String Trio in B flat, D.581

Allegro moderato
Andante
Minuetto e Trio
Rondo: Allegretto

It’s impossible to categorise such a huge, varied and masterful body of chamber music as Schubert’s, but in his instrumental works, at least, there are three distinct types. There are the "romantic" pieces, broad, deeply personal and intensely expressive: think of the C major Quintet, G major Quartet and C minor Quartettsatz. There are the "serenades", big, cheerful works in outdoor mood, such as the Octet and the "Trout" Quintet. And then there is the "classical" Schubert, playful, measured and Mozartian in manner - the Fifth Symphony and the majority of the early string quartets. Schubert wrote two string trios, both in B flat, and they fall into different categories of this stylistic division. In September 1816 he wrote a movement for trio in which poignant emotion finds expression in the purest of lyrical instrumental writing. As with the B minor Symphony and C minor Quartettsatz this work (D.471) remained incomplete, although, like them, it merits and receives frequent performances in its unfinished state. One year later he began and carried to completion a second String Trio (D.581), also in B flat, this time in his most perfect classical manner.

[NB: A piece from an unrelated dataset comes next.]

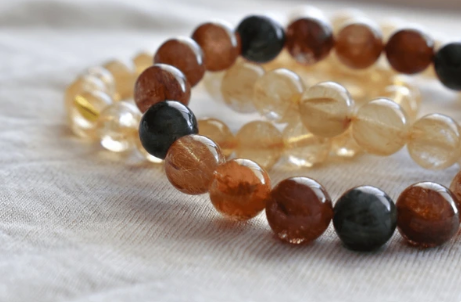 Twee armbanden met edelstenen kralen, met amberkleurige, zwarte en gele kralen, liggen op een witte doek.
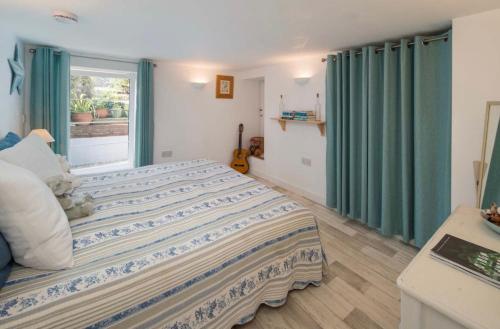 a bedroom with a bed with green curtains and a window at Serendipity flat in Isle of Wight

In form, this second trio is a model of clarity and concision. There is a sonata-form first movement with clearly recognizable subject-groups, while the Andante is in two tidy halves with a minor-key central section. The Minuet and closing Rondo offer nothing to contradict the textbooks. There are echoes of Haydn and Mozart; most obviously in the first subjects of the Andante and the Rondo, melodies of the type that Donald Tovey, writing about Haydn, called "exquisitely kittenish". And yet the piece is unmistakably Schubert’s. The melodies have that lilt, the harmonies that Schubertian unpredictability, and – for all Schubert’s mastery of this most demanding of instrumental combinations – he uses the instruments in ways which Mozart would never have allowed himself. There is un-classically high writing for cello and viola at the opening of the Minuet, and a certain busy-ness in accompanying and decorative figures throughout the work, which, if perhaps slightly unidiomatic for the instruments, is wonderfully idiomatic for Schubert. And in the minor-key interlude in the middle of the Andante we hear the faintest anticipation of the agonized outbursts that tear through the hearts of the slow movements of the C major Quintet, the "Unfinished" Symphony and the A major Piano Sonata (D.959). But these are still very distant.

We don’t know exactly when or where this Trio was first performed, but throughout 1816-17 the 19-year old composer lodged in a number of different friends’ houses in Vienna. This period saw the first of the famous "Schubertiads", and we can safely assume that he wrote the trios for performance at such evenings, perhaps at his friends Otto Hatwig’s or Ignaz von Sonnleithner’s homes. Schubert would have taken the viola part – so he would have meant the charming German dance for solo viola in the third movement’s trio for himself. Throughout the piece, it’s this combination of the perfectly classical and the affectionately personal that gives the Trio its distinctive character, and its special place in Schubert’s music. "At this point" wrote the critic William Mann "Schubert, the chamber musician, passes out of his apprenticeship, for the String Trio in B flat major (D.581), though concise and unpretentious, is certainly a masterpiece; searching in tonality, utterly characteristic and poised in its themes, and blessed with felicitous texture – a work to cherish."